The repatriated Chinese fishermen confirmed their ships had been nearly stripped clean of food and equipment. Their stay -- or in this case, imprisonment -- in North Korea had also been arduous, during which they were kept completely indoors for 13 days and only given daily meals of porridge.
Chinese reports did not disclose whether the hostages had been escorted back by either the North Korean or Chinese coast guard, or if they had somehow returned on their own.
The Chinese government claimed it paid no ransom for the release of the hostages; however, the owner of vessels had told local media in China that the North Koreans had at least been negotiating a price. They originally asked for almost $190,000 but later reduced the price to around $142,000.
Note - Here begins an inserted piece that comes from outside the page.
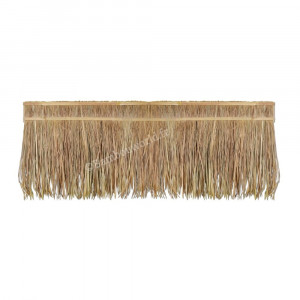https://www.techni-contact.site/ressources/images/produits/merchandising/paille-sur-baton-en-bambou-74117444-1.jpg - Paille sur bâton en bambou pour l\'habillage d\'un toit de pergola, abri de jardin, tonnelle en bambou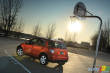 2010 Suzuki SX4 Hatchback JLX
Analysts doubt the incident will cause any major breaks in the close relationship between Beijing and Pyongyang, but it means China can now add another headache to its growing list of problems with its much smaller and heavily impoverished neighbor. That litany already includes supporting North Korea by providing a sizable amount of economic assistance, dealing with large numbers of North Korean refugees, and tolerating North Korea's continued testing of ballistic missiles and nuclear devices.
These issues are not lost on the more nationalistic members of China's vast internet community, who are vehemently arguing that the seizure of the fishermen was a sign of betrayal from a government long supported by China.